Note the tough, no-nonsense daddy image that McFadden’s political consultants are constructing. Linguist George Lakoff has documented how GOP candidates very consciously frame themselves as “strict fathers” of the family — “you lived” — while portraying Democrats as the overly permissive mommies.
Wait until daddy comes home! Daddy will stop mommy and and the children from spending irresponsibly. There is a lot of that patriarchal “father knows best” vibe here.
So, to recap the ad narrative, strict daddy on a budget is so darn frugal he will remove son’s stitches with his own scissors to save money, and he will do that with Obamacare too!
There are at least a couple of major substantive problems with the mac daddy’s metaphor:
Problem #1: America’s health care system is far from a healed wound. In fact, America’s health care system is an open, festering wound. According to the non-partisan Commonwealth Fund, the United States has the worst health care system in the developed world. After Mr. McFadden “takes out” the ACA stitches in this gaping wound, what is he going to do about the bleeding:
- The 99,643 Minnesotans newly enrolled in Medicaid and the Children’s Health Insurance Program (CHIP) who would be uninsured again.

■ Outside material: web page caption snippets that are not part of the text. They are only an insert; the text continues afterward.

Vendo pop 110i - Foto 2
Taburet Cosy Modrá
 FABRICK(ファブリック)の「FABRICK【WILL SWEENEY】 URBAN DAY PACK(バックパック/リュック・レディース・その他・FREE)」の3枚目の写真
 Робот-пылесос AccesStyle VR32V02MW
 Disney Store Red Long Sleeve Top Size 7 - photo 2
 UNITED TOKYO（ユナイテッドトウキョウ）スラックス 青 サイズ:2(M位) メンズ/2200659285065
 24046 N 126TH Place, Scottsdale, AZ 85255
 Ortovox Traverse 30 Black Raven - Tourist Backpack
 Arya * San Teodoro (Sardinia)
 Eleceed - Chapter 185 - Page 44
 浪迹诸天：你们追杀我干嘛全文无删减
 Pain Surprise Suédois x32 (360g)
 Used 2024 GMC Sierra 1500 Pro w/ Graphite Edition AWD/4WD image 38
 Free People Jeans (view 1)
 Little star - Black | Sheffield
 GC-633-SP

- The 2,318,738 Minnesotans with some type of pre-existing health condition who would once again be denied insurance without ACA protection.
- The 35,000 Minnesota young adults who, thanks to the ACA, are currently insured under their parents plans until age 26 but would be uninsured again without ACA.
- The 2,043,000 Minnesotans who, thanks to the ACA, are free from worrying about lifetime limits on coverage, but would face such dangerous limits again.
Are we really prepared to let McFadden re-open that wound?
Problem #2: “Taking out” Obamacare stitches with McFadden’s scissors doesn’t save money. In fact, it would cost a lot of money. According to the non-partisan Congressional Budget Office (CBO) and Joint Committee on Taxation (JTC), eliminating Obamacare would:
“…cause a net increase in federal budget deficits of $109 billion over the 2013–2022 period.”
In other words, McFadden may be cutting, but he is certainly not saving. That’s an important little $109 billion detail to keep in mind.
Also, McFadden has made it clear that he wouldn’t use his scissors on fellow CEOs at private insurance companies. McFadden opponent Senator Al Franken successfully authored an ACA measure that, for the first time, requires private health plan CEOs to spend at least 80 to 85 percent of the premiums they collect to pay for actual health care, instead of corporate overhead, salaries, bonuses, marketing and profits. In 2012, Franken’s “medical loss ratio” provision led to the average Minnesota family with private insurance receiving a rebate of $303.
But Mr. McFadden has made it clear that he opposes Franken’s scissoring of private insurance companies’ overhead, salaries, bonuses, marketing and profits. Instead, McFadden prefers to take his scissors to millions of Minnesotans benefiting from Obamacare.
So, McFadden wants to scissors an unhealed wound even though it will cost billions and cause massive bleeding. Why? Because the Minnesota GOP’s rabidly Tea Party base demands red-faced Obama-hating, and McFadden will say anything to curry their favor. As McFadden’s son promises them, “Trust me, nothing will stop Dad from trying to take out Obamacare.”